When Czerwinski walked around the Microsoft campus, she noticed that many people had attached two or three monitors to their computers. They placed their applications on different screens – the e-mail far off on the right side, a Web browser on the left and their main work project right in the middle – so that each application was “glanceable.” When the ding on their e-mail program went off, they could quickly peek over at their in-boxes to see what had arrived.

The workers swore that this arrangement made them feel calmer. But did more screen area actually help with cognition? To find out, Czerwinski’s team conducted another experiment. The researchers took 15 volunteers, sat each one in front of a regular-size 15-inch monitor and had them complete a variety of tasks designed to challenge their powers of concentration – like a Web search, some cutting and pasting and memorizing a seven-digit phone number.

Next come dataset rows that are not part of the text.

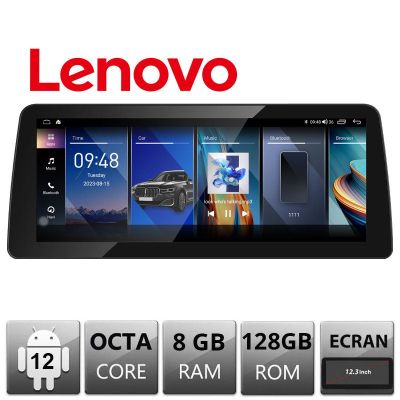 Navigatie BMW Seria 6 F06 masini cu NBT Lenovo Brillante Android ecran 12.3" 8+128 4G BT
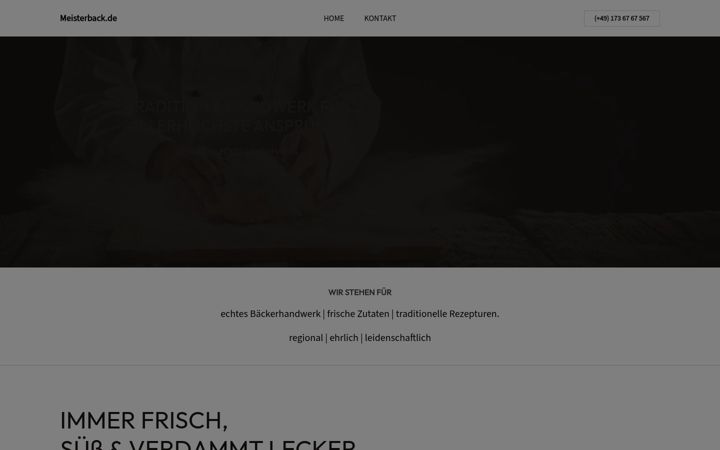 Screenshot of baeckerei-kaeferstein.com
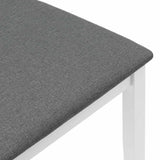 vidaXL Eetkamerstoelen met kussens 2 st massief hout rubber wit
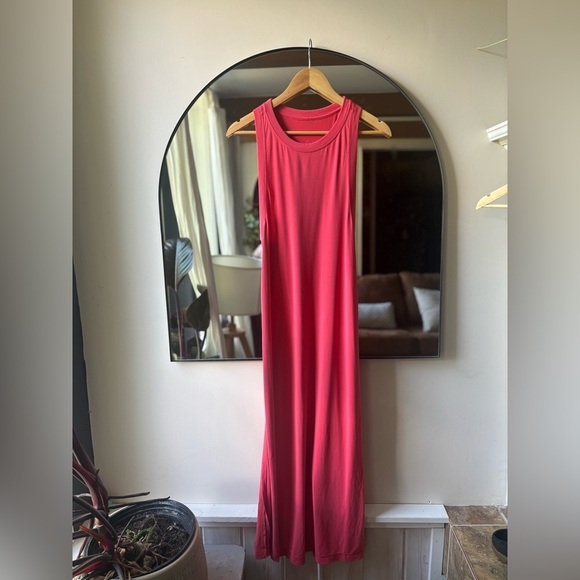 LULULEMON | Ease of it all dress in carnation | size 6-8 - Picture 4 of 7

Then the volunteers repeated these same tasks, this time using a computer with a massive 42-inch screen, as big as a plasma TV.

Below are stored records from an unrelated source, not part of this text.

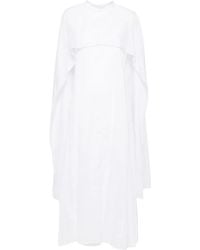 Jil Sander - Cape-Embellished Midi Dress - Lyst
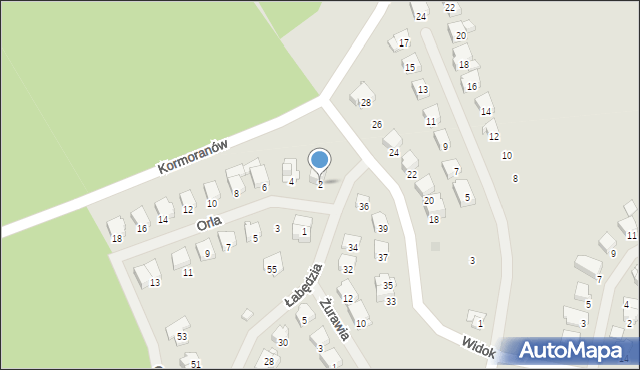 Mrągowo, Orla, 2, mapa Mrągowo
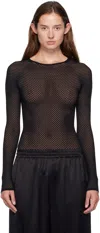 Wardrobe.nyc Black Rosie Huntington-whiteley Edition Web Bodysuit In Black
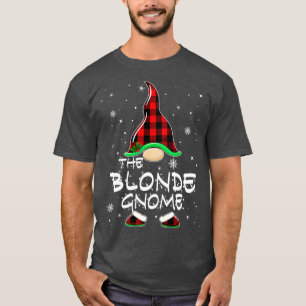 Camiseta Blonde Gnomo Buffalo Xadrez Matching Family Christ
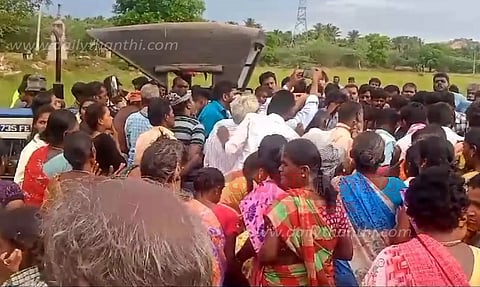 கலப்பையில் தவறி விழுந்து விவசாயி சாவு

The results? On the bigger screen, people completed the tasks at least 10 percent more quickly – and some as much as 44 percent more quickly. They were also more likely to remember the seven-digit number, which showed that the multitasking was clearly less taxing on their brains. Some of the volunteers were so enthralled with the huge screen that they begged to take it home. In two decades of research, Czerwinski had never seen a single tweak to a computer system so significantly improve a user’s productivity. The clearer your screen, she found, the calmer your mind.

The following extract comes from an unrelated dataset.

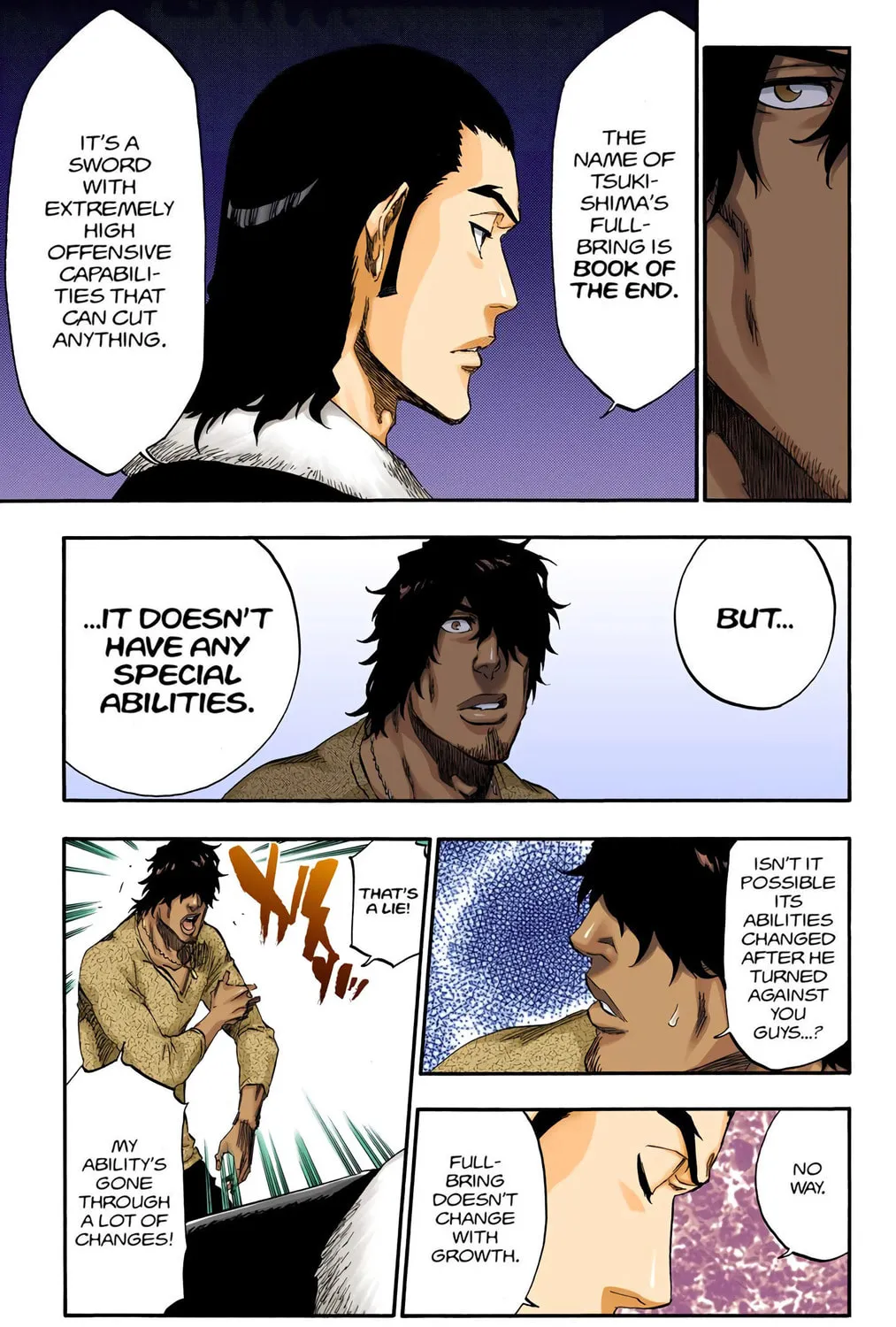 Bleach Colored Manga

Having lots of screen real estate has always been very important to me. In fact, when I was in college (and poor, but I’m being redundant here) I spent $600 on a 17″ CRT at a time when the average PC had a 13″ or 14″ monitor. Having a larger monitor and being able to fit more text on a single screen makes me feel much more productive, especially when coding. At work I was using a 19″ LCD for a while (since LCDs are so much easier on my eyes, but I digress) and the 1280×1024 resolution felt very constraining. Getting a 20″ monitor that does 1600×1200 felt quite liberating. Even though it is only 1″ bigger, the difference in resolution is huge.

Having multiple monitors sounds intriguing, but I’ve tried it before and I find it more distracting than productive. I prefer to just have one large monitor…that 42″ model sure sounds nice!

As Joel says, it is nice to have scientific evidence to back anecdotal feelings!